Salts in irrigation water and soil have to be controlled to allow sustainable irrigation. For water reuse, this is even more important than for irrigation schemes using conventional water sources, since salinity levels are higher in reclaimed water. During its use, EC of the water increases by 400–1,000 μS/cm (water use of 60 L/(capita × d)). Water with an EC above 750 μS/cm has a high salinity hazard (Richards 1954) and might cause yield loss to some crops such as peppers, maize, and fruit trees (Ayers & Westcot 1985). Even if TDS concentrations in tap water are very low and excreta collection is incomplete, 5–10 t of TDS will accumulate on the agricultural area per hectare and year.
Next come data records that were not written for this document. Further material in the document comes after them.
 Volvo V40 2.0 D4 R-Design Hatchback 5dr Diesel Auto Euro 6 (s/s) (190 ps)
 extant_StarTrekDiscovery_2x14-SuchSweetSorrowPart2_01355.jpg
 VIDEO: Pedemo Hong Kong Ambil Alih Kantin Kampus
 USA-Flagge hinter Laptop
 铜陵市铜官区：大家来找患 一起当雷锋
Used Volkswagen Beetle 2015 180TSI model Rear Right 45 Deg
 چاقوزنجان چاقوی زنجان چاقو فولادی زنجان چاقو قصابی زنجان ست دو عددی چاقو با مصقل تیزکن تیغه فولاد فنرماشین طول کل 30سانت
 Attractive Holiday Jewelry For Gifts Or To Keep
Salt management measures prior to the agricultural use, such as urine separation or reverse osmosis membrane filtration, can reduce TDS loads; however, salts will still accumulate on the fields in the long term.

Salt uptake in crops is only substantial to the salt balance if the TDS content of the irrigation water is relatively low. When using low-salinity water for irrigation, salt removal with crops and leaching during wet season might be sufficient for salt control.
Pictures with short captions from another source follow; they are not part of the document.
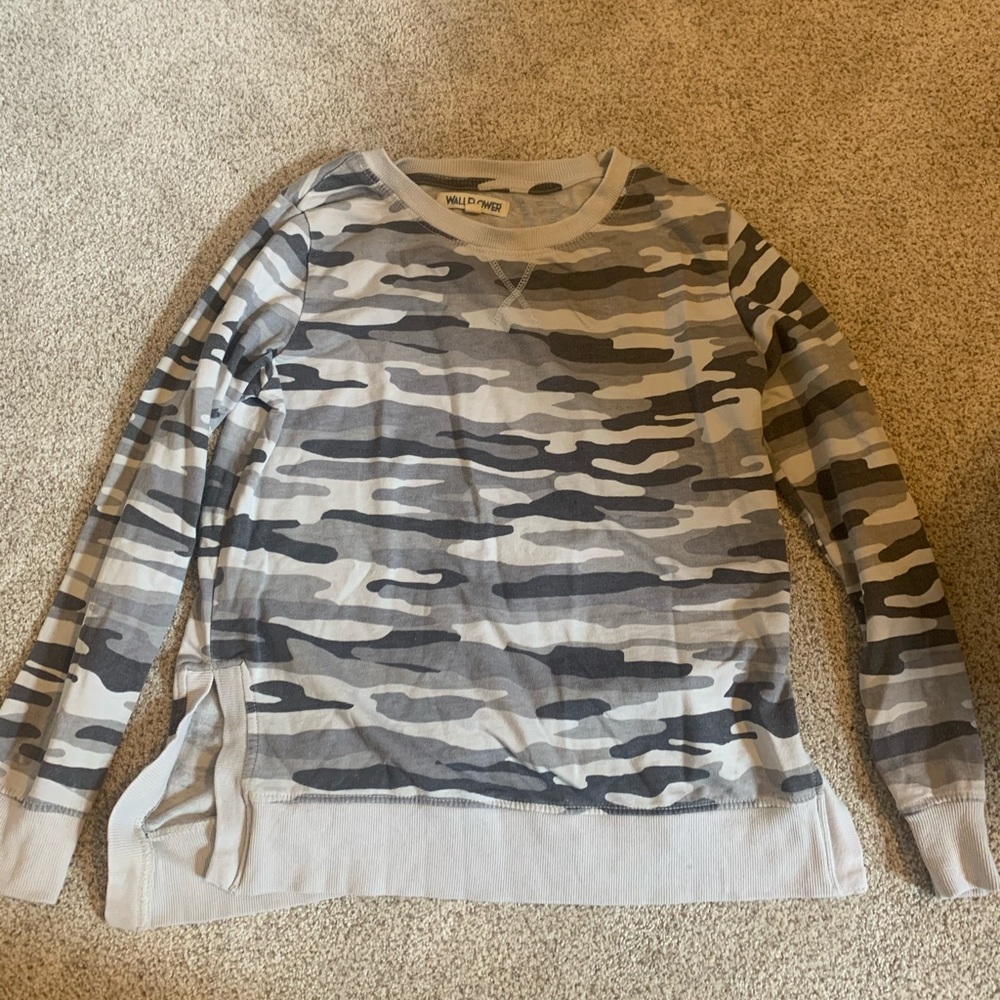 size small camo sweatshirt/ sweater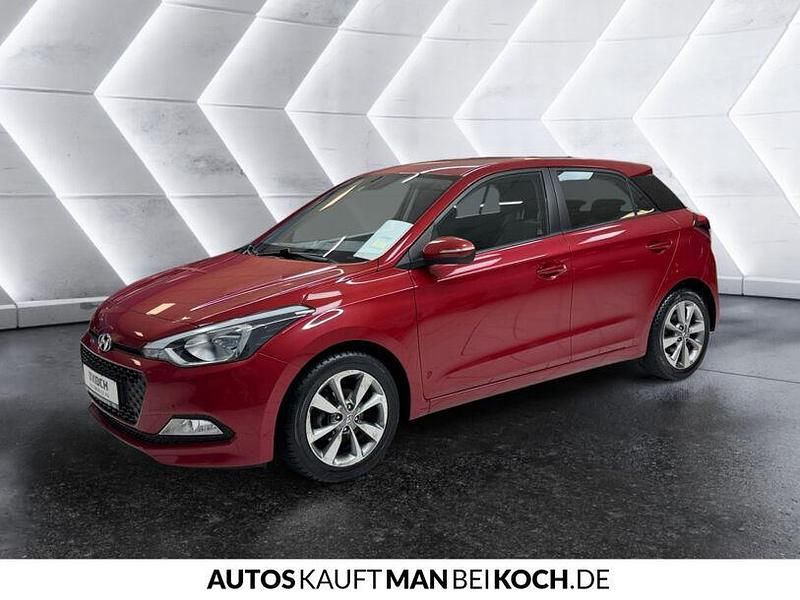 Gebraucht Hyundai i20 Trend 101 PS (74 kW) 2017 Rot Kleinwagen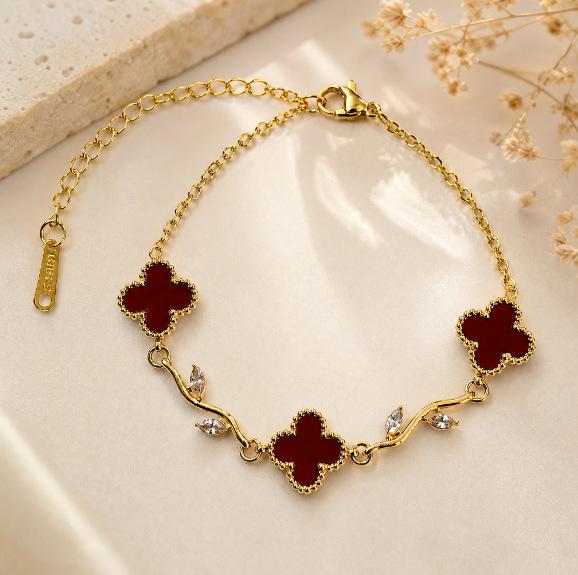 European and American Light Luxury Four-leaf Clover Zircon Bracelet Female Titanium Steel Does Not Fade Niche High-end Accessories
However, in arid and semi-arid regions excessive water use is not desired. If feasible, options not requiring additional water input, such as leaching during rainy season, salt removal with crops, water-saving irrigation techniques, or irrigation scheduling, should be considered for salinity control.

In the case presented, TDS loads are about 20 g/(capita × d) and therefore less than reported in literature. This is contributed to lower excreta collection rates in the washhouses but also to the small size of the catchment area. Residents might spend some of their time in other parts of the town and use other facilities for sanitation needs. Accessibility of the sanitation facilities plays a very important role for their acceptance and utilization and thus the amounts and concentration of the wastewater that has to be treated. High tariffs, unclear payment procedures, poor management, long walking distances, and unfavorable opening times lead to low utilization rates. This means that for optimal planning, the tariff system as well as specifications on operation and management of the communal sanitation facilities needs to be more or less clear before the design of the facilities for wastewater collection, wastewater treatment, and irrigation starts. For planning of further projects aiming at reclaiming water from communal sanitation facilities, it is recommended to use lower values for collected excreta. The per capita TDS load and water quantities presented in this work are specific results for the operation mode in Outapi, however, can serve as a basis for estimating water quantities for comparably managed communal washhouses. Management of communal sanitation facilities and social marketing measures are key points in achieving proposed utilization rates after implementation of the infrastructure.